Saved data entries
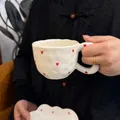 Handmade wavy cream ceramic mug and saucer set with red hearts held by a person - Little Heart Cloud Single Cup 300ml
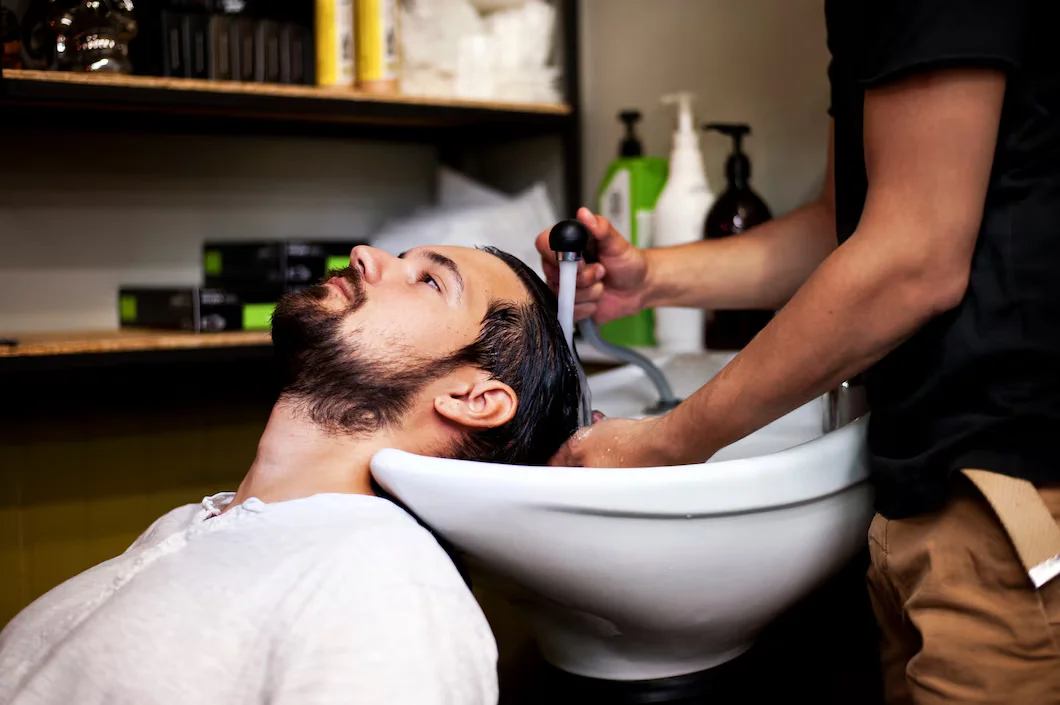 customer-getting-wash-after-haircut_23-2148256876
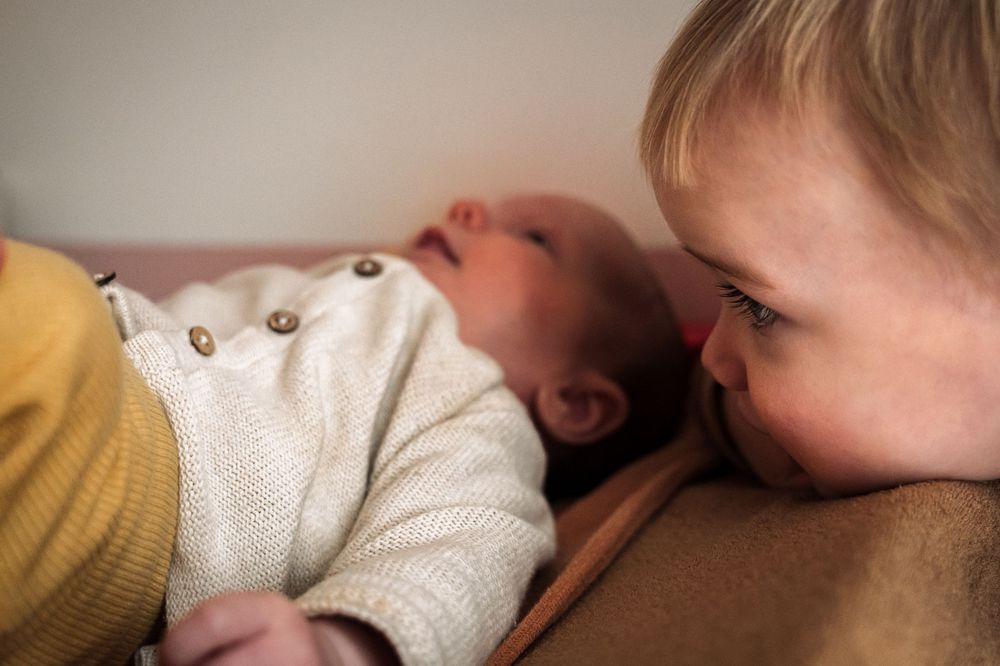 A series of tender moments between parent and baby showing gentle kisses and snuggles in warm lighting.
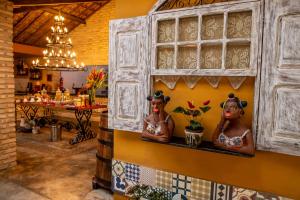 two statues of women on a shelf in a restaurant at Pousada Sítio Ipê in Viçosa do Ceará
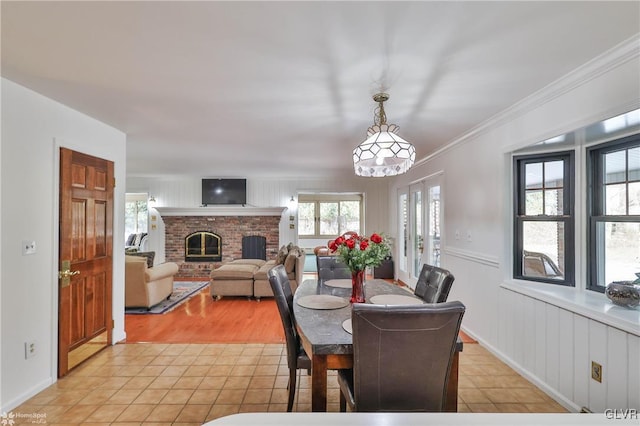 dining space featuring light tile patterned floors, ornamental molding, a wainscoted wall, and a fireplace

• **Task brief**:
Your copy should consist only of the lines from the one containing "customer-getting-wash-after-haircut_23-2148256876" through the last line of the entries above, reproduced exactly, without pictures.

• **Exercise result**:
 customer-getting-wash-after-haircut_23-2148256876
 A series of tender moments between parent and baby showing gentle kisses and snuggles in warm lighting.
 two statues of women on a shelf in a restaurant at Pousada Sítio Ipê in Viçosa do Ceará
 dining space featuring light tile patterned floors, ornamental molding, a wainscoted wall, and a fireplace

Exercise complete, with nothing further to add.